▶ [THE TASK]: Aim for an exact copy of the listing, without any images.
DATASET EXTRACT: Begin
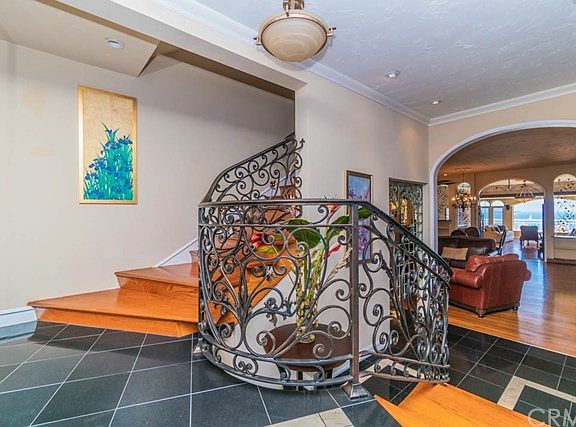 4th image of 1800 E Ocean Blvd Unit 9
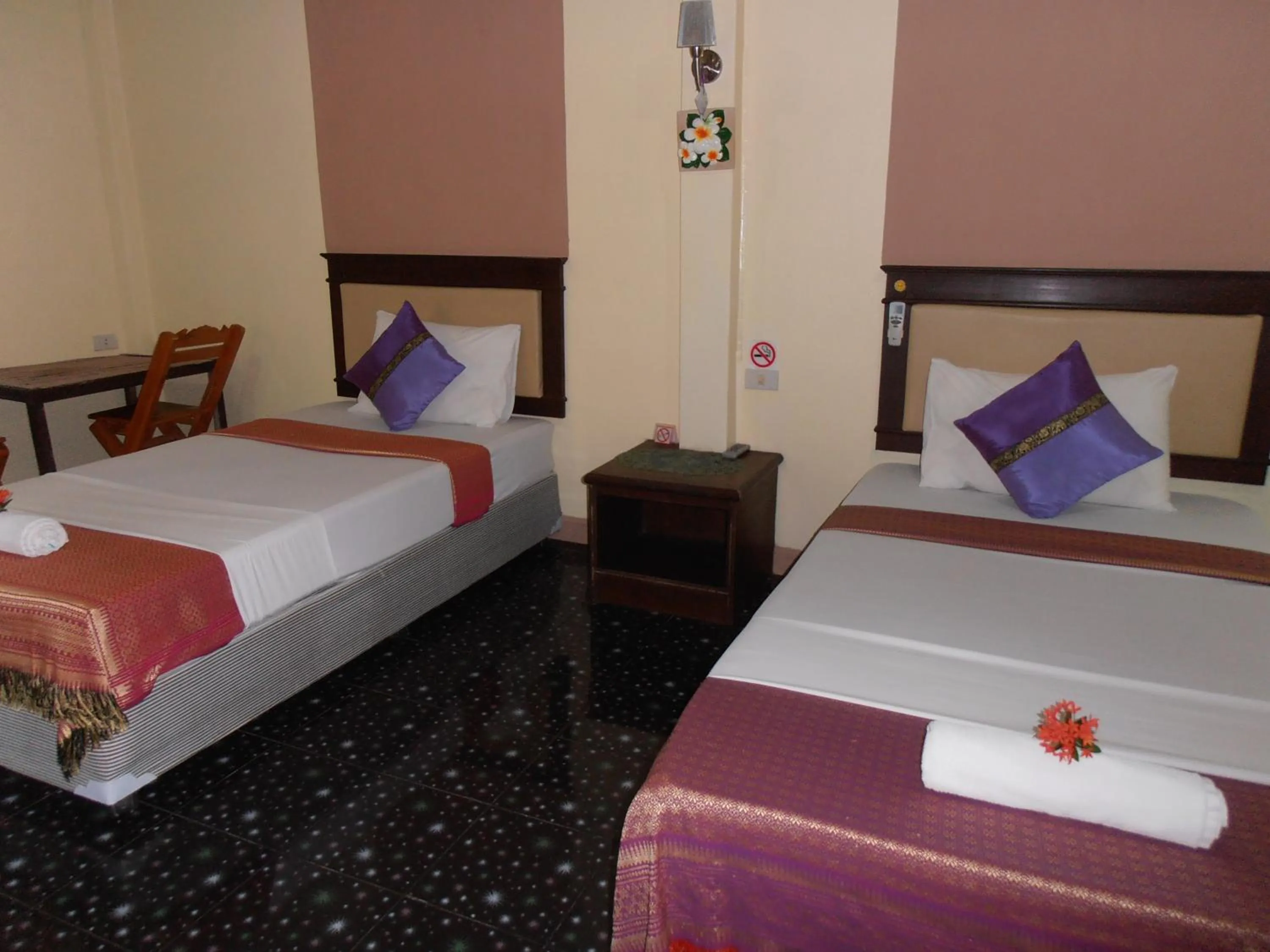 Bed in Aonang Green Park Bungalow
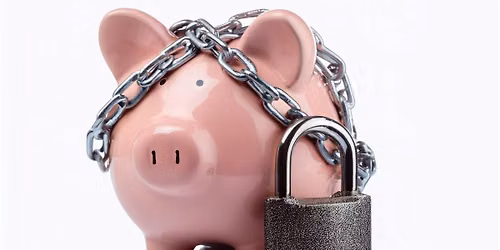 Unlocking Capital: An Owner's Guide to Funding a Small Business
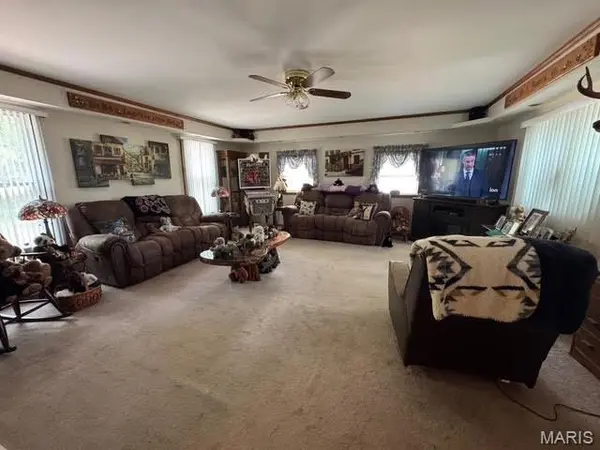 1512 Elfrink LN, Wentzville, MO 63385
DATASET EXTRACT: End
▶ [EXERCISE OUTPUT]:
 4th image of 1800 E Ocean Blvd Unit 9
 Bed in Aonang Green Park Bungalow
 Unlocking Capital: An Owner's Guide to Funding a Small Business
 1512 Elfrink LN, Wentzville, MO 63385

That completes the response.